§ **WORK TO BE COMPLETED**:
When you reach the line that contains "Bed Space & Partition in Al Raffa" in the data below, start reproducing lines exactly, and stop after the line that contains "Camaray Motel".

▬▬▬▬▬▬

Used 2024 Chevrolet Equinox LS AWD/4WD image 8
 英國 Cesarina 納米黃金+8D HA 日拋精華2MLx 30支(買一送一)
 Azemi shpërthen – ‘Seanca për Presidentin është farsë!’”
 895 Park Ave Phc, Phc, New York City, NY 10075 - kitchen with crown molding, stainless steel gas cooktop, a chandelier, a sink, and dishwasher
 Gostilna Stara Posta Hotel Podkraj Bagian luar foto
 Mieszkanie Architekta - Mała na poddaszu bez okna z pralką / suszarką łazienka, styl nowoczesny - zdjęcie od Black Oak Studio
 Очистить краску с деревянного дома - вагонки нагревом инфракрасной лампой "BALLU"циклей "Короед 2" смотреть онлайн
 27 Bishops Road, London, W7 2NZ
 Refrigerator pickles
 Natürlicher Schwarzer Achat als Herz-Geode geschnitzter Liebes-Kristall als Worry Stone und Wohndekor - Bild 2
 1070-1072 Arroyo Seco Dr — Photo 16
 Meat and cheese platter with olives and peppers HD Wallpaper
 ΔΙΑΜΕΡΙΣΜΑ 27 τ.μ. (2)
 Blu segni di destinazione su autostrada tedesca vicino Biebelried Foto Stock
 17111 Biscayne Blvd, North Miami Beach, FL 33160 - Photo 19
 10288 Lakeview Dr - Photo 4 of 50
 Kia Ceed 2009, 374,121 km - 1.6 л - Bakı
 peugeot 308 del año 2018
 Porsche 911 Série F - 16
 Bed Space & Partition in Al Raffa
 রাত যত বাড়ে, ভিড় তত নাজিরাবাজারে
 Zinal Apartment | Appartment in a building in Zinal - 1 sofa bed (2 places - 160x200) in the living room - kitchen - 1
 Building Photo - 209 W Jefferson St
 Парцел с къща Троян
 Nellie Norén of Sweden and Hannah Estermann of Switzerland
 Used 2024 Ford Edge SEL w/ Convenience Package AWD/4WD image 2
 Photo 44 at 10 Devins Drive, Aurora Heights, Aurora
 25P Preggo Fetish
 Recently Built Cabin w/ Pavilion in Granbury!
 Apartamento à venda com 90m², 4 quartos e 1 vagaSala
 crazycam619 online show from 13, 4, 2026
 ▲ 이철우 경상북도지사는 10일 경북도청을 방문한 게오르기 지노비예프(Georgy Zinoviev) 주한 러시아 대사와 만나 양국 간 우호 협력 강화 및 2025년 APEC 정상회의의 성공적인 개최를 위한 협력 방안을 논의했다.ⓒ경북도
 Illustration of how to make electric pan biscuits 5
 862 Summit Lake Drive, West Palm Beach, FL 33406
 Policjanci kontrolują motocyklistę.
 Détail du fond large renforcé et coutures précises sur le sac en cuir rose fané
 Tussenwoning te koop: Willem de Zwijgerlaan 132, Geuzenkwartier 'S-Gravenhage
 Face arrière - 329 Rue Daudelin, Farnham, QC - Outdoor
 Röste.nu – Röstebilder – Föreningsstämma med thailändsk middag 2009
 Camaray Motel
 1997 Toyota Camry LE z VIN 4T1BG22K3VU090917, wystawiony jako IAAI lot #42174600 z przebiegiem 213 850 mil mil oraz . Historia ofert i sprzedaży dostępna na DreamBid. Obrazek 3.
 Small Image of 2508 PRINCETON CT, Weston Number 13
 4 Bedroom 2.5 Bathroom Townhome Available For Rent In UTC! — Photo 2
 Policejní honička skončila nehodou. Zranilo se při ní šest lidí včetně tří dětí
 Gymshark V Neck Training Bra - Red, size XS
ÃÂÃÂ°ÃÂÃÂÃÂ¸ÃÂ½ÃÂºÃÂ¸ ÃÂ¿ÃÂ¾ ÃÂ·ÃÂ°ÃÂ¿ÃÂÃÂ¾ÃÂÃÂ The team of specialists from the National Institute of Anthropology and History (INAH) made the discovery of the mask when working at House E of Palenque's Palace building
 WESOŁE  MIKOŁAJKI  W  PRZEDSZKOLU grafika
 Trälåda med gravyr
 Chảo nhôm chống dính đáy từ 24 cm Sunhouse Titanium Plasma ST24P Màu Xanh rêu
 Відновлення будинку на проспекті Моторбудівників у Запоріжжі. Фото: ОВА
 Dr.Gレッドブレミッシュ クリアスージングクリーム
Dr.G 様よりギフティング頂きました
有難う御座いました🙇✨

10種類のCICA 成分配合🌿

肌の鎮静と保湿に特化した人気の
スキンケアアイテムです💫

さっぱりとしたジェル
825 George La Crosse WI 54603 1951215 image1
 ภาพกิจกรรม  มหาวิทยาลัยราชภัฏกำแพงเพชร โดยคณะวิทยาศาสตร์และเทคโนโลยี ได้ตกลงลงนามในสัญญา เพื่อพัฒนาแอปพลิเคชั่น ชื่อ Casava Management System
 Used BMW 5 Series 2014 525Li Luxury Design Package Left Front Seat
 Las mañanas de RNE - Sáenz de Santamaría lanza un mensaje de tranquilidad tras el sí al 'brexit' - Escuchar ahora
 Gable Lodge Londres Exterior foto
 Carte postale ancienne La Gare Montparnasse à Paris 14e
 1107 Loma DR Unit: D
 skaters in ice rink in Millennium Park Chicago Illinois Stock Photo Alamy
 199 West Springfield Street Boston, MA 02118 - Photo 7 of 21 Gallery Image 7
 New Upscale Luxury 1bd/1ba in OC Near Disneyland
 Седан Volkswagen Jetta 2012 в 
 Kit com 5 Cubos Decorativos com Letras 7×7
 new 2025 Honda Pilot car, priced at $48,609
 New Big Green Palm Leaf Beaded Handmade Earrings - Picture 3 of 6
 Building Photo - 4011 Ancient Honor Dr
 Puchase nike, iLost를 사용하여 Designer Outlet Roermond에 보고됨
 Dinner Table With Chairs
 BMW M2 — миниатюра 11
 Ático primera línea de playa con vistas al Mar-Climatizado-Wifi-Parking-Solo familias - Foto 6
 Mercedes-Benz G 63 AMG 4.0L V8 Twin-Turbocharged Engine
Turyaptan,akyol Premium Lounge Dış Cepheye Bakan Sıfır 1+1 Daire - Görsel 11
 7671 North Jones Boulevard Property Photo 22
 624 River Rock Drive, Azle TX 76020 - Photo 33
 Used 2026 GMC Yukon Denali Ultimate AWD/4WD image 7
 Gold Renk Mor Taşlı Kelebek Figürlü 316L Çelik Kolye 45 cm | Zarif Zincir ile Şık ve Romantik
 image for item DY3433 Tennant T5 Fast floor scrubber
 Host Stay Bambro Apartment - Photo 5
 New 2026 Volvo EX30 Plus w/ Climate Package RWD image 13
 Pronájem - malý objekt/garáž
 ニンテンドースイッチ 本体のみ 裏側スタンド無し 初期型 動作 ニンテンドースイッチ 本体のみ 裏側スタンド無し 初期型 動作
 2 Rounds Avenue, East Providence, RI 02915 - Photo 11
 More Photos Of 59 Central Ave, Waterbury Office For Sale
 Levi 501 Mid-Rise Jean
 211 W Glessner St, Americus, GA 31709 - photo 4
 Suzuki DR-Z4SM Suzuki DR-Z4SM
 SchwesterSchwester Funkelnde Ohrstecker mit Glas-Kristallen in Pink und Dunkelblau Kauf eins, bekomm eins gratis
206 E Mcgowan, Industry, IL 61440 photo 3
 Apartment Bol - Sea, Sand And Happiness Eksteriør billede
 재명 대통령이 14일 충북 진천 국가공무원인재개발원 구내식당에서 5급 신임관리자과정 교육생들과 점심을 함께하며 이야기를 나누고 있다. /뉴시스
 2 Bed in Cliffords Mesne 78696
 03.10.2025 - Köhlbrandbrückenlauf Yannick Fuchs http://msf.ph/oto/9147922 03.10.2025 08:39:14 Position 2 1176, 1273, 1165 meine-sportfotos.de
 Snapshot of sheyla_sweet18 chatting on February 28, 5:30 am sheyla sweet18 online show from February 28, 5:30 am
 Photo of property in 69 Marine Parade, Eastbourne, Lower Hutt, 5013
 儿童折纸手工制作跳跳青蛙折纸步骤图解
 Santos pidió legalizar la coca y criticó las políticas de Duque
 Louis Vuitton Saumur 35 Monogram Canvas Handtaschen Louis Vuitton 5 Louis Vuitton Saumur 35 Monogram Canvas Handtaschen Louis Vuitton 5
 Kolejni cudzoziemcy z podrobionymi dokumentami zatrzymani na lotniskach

▬▬▬▬▬▬

§ **TASK ANSWER**:
 Bed Space & Partition in Al Raffa
 রাত যত বাড়ে, ভিড় তত নাজিরাবাজারে
 Zinal Apartment | Appartment in a building in Zinal - 1 sofa bed (2 places - 160x200) in the living room - kitchen - 1
 Building Photo - 209 W Jefferson St
 Парцел с къща Троян
 Nellie Norén of Sweden and Hannah Estermann of Switzerland
 Used 2024 Ford Edge SEL w/ Convenience Package AWD/4WD image 2
 Photo 44 at 10 Devins Drive, Aurora Heights, Aurora
 25P Preggo Fetish
 Recently Built Cabin w/ Pavilion in Granbury!
 Apartamento à venda com 90m², 4 quartos e 1 vagaSala
 crazycam619 online show from 13, 4, 2026
 ▲ 이철우 경상북도지사는 10일 경북도청을 방문한 게오르기 지노비예프(Georgy Zinoviev) 주한 러시아 대사와 만나 양국 간 우호 협력 강화 및 2025년 APEC 정상회의의 성공적인 개최를 위한 협력 방안을 논의했다.ⓒ경북도
 Illustration of how to make electric pan biscuits 5
 862 Summit Lake Drive, West Palm Beach, FL 33406
 Policjanci kontrolują motocyklistę.
 Détail du fond large renforcé et coutures précises sur le sac en cuir rose fané
 Tussenwoning te koop: Willem de Zwijgerlaan 132, Geuzenkwartier 'S-Gravenhage
 Face arrière - 329 Rue Daudelin, Farnham, QC - Outdoor
 Röste.nu – Röstebilder – Föreningsstämma med thailändsk middag 2009
 Camaray Motel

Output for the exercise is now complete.